11月刷题记录

①BZOJ1123 BLO(割点)

若选择的点是割点,则通过删除他的边能获得的每个子树的子树大小\(siz\)都与\((n-siz)\)构成答案;所有割出的子树大小和为\(sum\),\((n-sum-1)\)\(sum+1\)又能构成答案;最后还有该点和其他所有点构成答案\((n-1)\)

若该点不是割点,删除并不会影响图的连通性,所以答案为\(2*(n-1)\)

#include <bits/stdc++.h>
using namespace std;

#define ll long long
#define fastio ios::sync_with_stdio(false),cin.tie(NULL),cout.tie(NULL)
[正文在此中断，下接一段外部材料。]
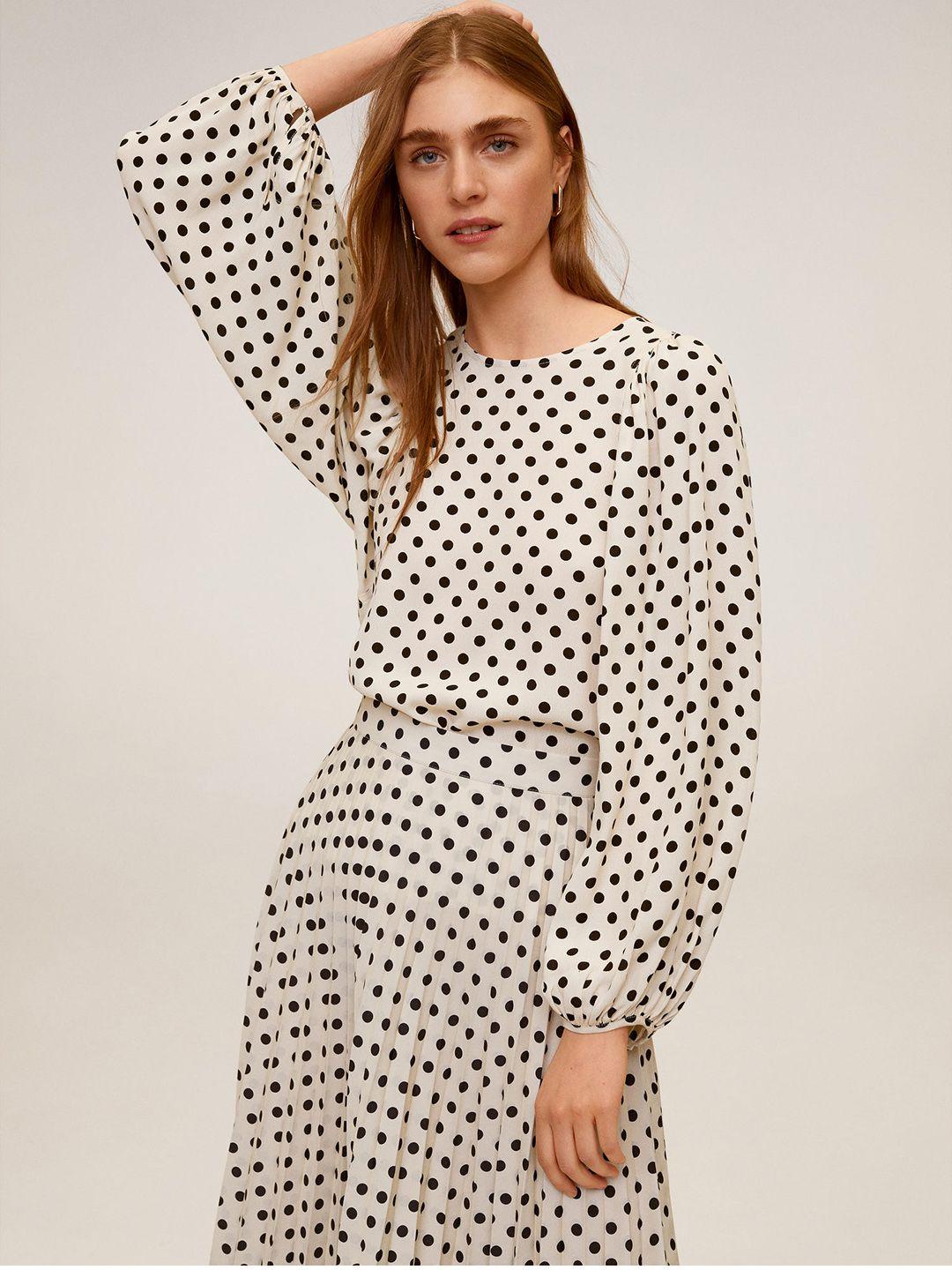 mango women white & black polka dots printed top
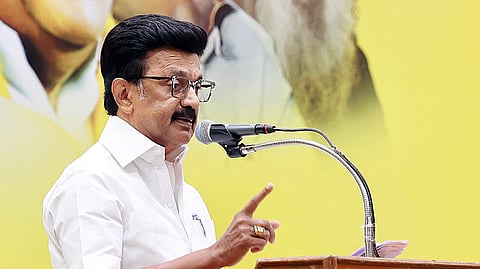 DMK President and Tamil Nadu Chief Minister MK Stalin speaks during the meeting of DMK district secretaries at Anna Arivyalayam, in Chennai, March 16, 2025.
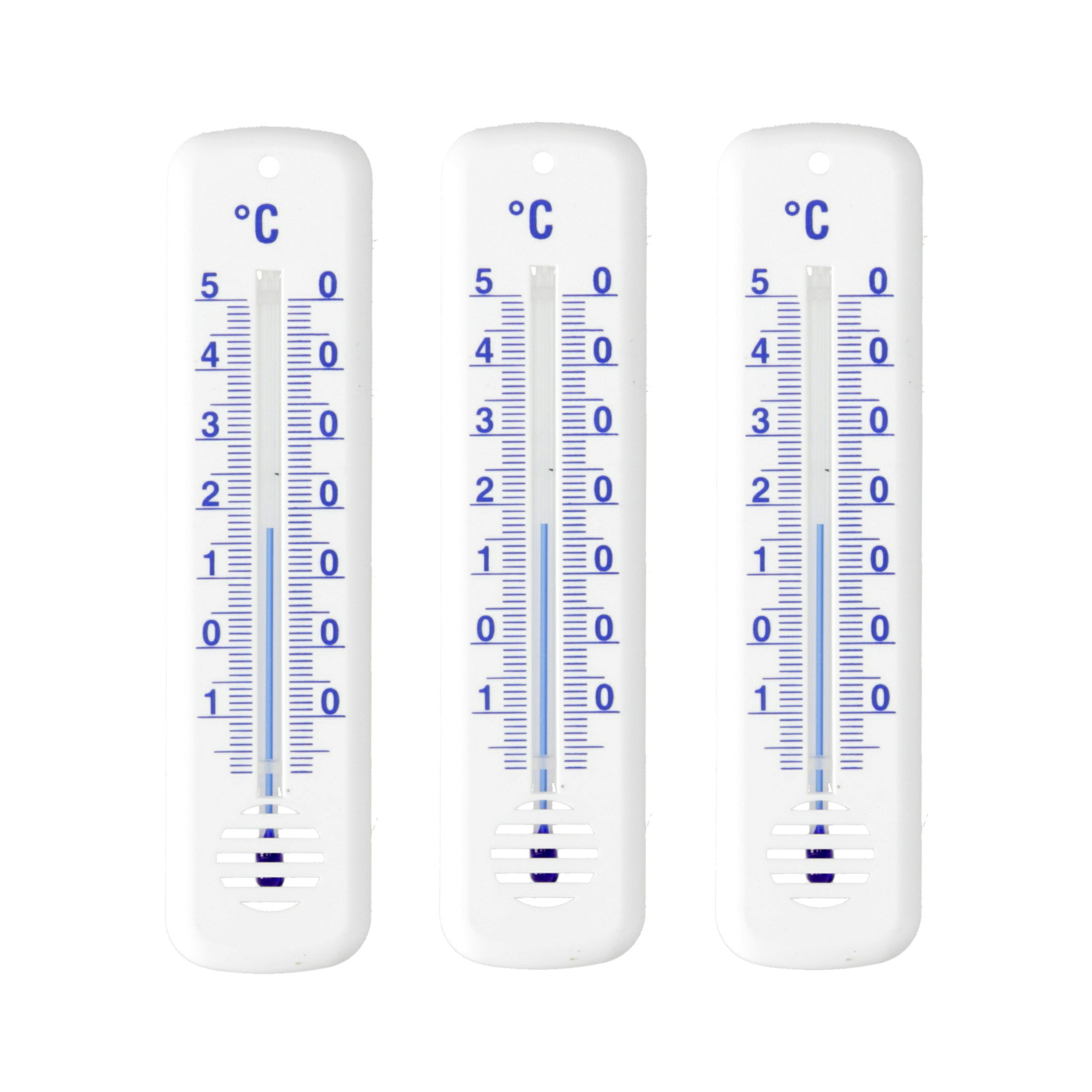 Lantelme Raumthermometer 3 Stück Thermometer Kunststoff Blau, Grün, Pink, Kunststoff Hauswand Thermometer in den Farben Blau, Grün, Pink, Weiß, Deutsche Herstellung, Temperatur -25 °C bis 50 °C Analog, 14cm Lang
const int maxn = 1e6 + 10;

struct edge {
	int to, next;
}e[maxn << 1];

int head[maxn], edge_cnt;

inline void add(int from,int to)
{
	e[++edge_cnt] = { to,head[from] };
	head[from] = edge_cnt;
}

int dfn[maxn], low[maxn], num;
ll ans[maxn], siz[maxn];
bool cut[maxn];

int n, m;

void tarjan(int from)
{
	dfn[from] = low[from] = ++num; siz[from] = 1;
	ans[from] = 0;
	int flag = 0;
	ll sum = 0;
	for (int i = head[from]; i != -1; i = e[i].next)
	{
		int to = e[i].to;
		if (!dfn[to])
		{
			tarjan(to);
			siz[from] += siz[to];
			low[from] = min(low[from], low[to]);
			if (low[to] >= dfn[from])
			{
				flag++;
				ans[from] += siz[to] * (n - siz[to]);
				sum += siz[to];
				if (from != 1 || flag > 1)
					cut[from] = 1;
			}
		}
		else
			low[from] = min(low[from], dfn[to]);
	}
	if (cut[from])
		ans[from] += (n - 1) + (n - sum - 1) * (sum + 1);
	else
		ans[from] = 2 * (n - 1);
}

int main() 
{
	fastio;
	cin >> n >> m;
	memset(head, -1, sizeof(head));
	while (m--)
	{
		int x, y;
		cin >> x >> y;
		if (x == y)continue;
		add(x, y), add(y, x);
	}
	num = 0;
	tarjan(1);
	for (int i = 1; i <= n; i++)
		cout << ans[i] << endl;
	return 0;
}

②Mr. Young's Picture Permutations(线性dp)

dp[a][b][c][d][e]表示从第一行到第五行分别的a、b、c、d、e人的合法状态集合的大小,每次转移可以这样理解:
将上一状态所有已排好人的身高全部++,然后在你需要转移的位置(选取的行的末尾)插入一个大小为1的人也合法。
(因为行人数从1到5逐行不升)
状态转移方程:太多了看代码

#include <bits/stdc++.h>
using namespace std;

#define ll long long
#define fastio ios::sync_with_stdio(false),cin.tie(NULL),cout.tie(NULL)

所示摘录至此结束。